There have been many times when I’m standing before master of public health (MPH) students, giving them a presentation on epidemiology, and I wonder how any of them can even put on their shoes in the morning. Don’t get me wrong; they’re bright students. Many of them have graduated from college with impressive grades and great projects. They wouldn’t be in these top-notch universities if they were not bright. (Or if their benefactors didn’t see brightness in them.) Still, I’m not surprised when I see many of those kids getting an MPH in epidemiology and not become epidemiologist.

Being an epidemiologist is tough. It requires you to be able to think critically and analyze a problem from different sides and different points of view. Most public health problems requiring epidemiological analysis are big, huge puzzles with many working parts. Just being book smart is not enough. Being street smart is not enough. Being charismatic is not enough. Having an MPH in epidemiology or otherwise is not enough.

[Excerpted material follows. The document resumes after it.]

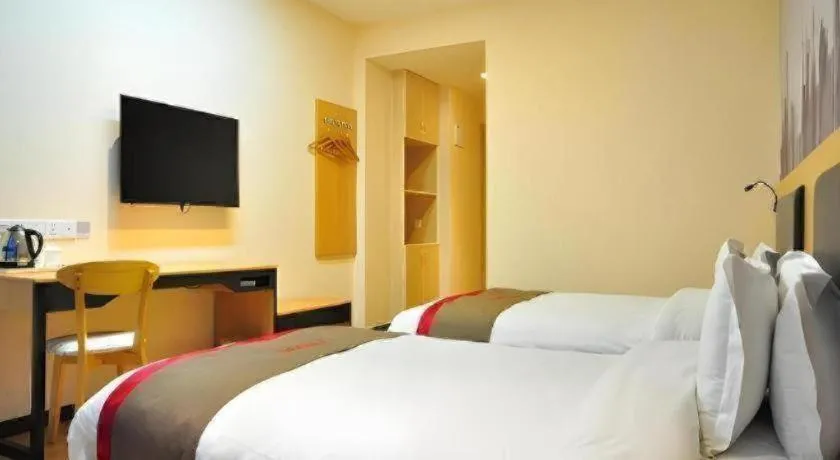 Bed in Thank Hotel Jiangxi Jiujiang Lianxi District Railway Station Square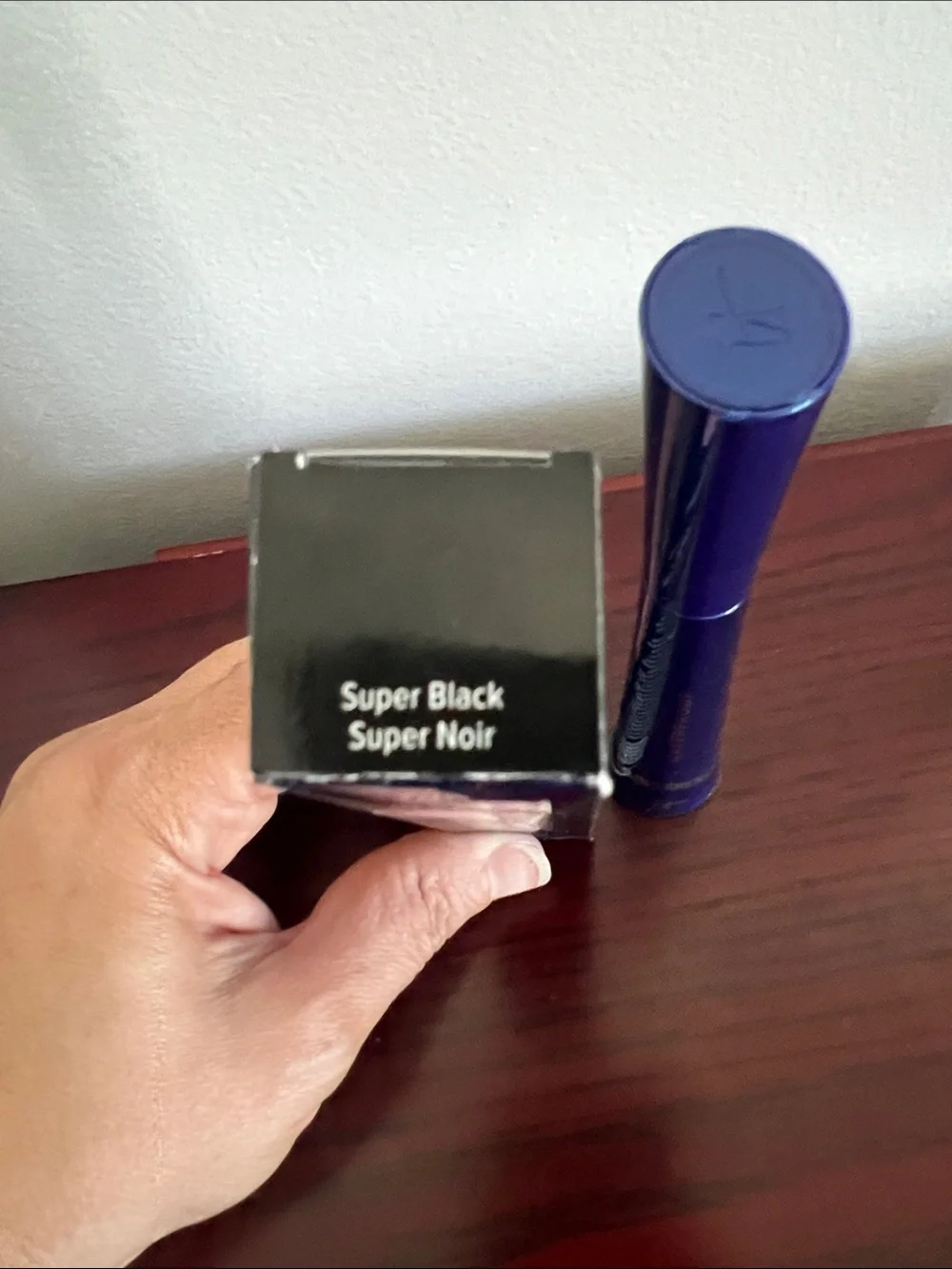 It Cosmetics Superhero Waterproof Mascara -Super Black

Like many people, I have issues completely comprehending biostatistical analyses. Biostats is tough. Few people get through it and continue to take classes in it. In fact, I look at the biostats crew at my job and shake my head in amazement. They can slice and dice data in ways I can’t even dream of. So I go to them with questions about biostats. It was one of them, a PhD-level young lady, who explained to me why the paper by Dr. BS Hooker was full of, well, BS.

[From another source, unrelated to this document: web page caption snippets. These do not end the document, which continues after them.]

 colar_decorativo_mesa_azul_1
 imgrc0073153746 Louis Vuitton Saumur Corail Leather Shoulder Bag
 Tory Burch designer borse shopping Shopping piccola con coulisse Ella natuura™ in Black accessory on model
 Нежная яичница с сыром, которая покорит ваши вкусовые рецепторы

I have never claimed to be all-knowledgeable on things like epidemiology and biostats. I just know what I know, and I know when to ask for help. I don’t like to pound my chest and say that I’m the best epidemiologist out there. I’m not.

So who wasted their time in a biostats class? Who else, the kid. What leads me to that opinion? First, some background.

In epidemiological studies, there is a hierarchy of what studies contribute the most evidence. At the very bottom is professional opinion. Surely, you would not guide public health policy based on what I or any other person would write on their blog or in an op-ed, or in a letter to the editor. Right above professional opinion are cross-sectional studies. Cross-sectional studies are basically surveys. You survey the population to get an idea as to what is going on before you move on to bigger, better-designed studies, like case-control and cohort studies. After case-control and cohort studies come randomized trials, where issues of confounding and bias are better addressed, and the results have a lot more weight on how to go about solving a public health problem. At the very top of the hierarchy are meta analyses and systematic reviews, where you take all the data from different studies and weigh all the evidence to separate the wheat from the chaff.

Did you notice how I bolded where cross-sectional studies lie on the hierarchy? Why would I do that? Again, some more background.

The paper by BS Hooker took the data from the DeStefano study and treated those data as a cohort study. That right there was one of many flaws in the BS Hooker paper. You don’t take case-control data (which was how the DeStefano study was conducted) and treat it as cohort data. You just don’t.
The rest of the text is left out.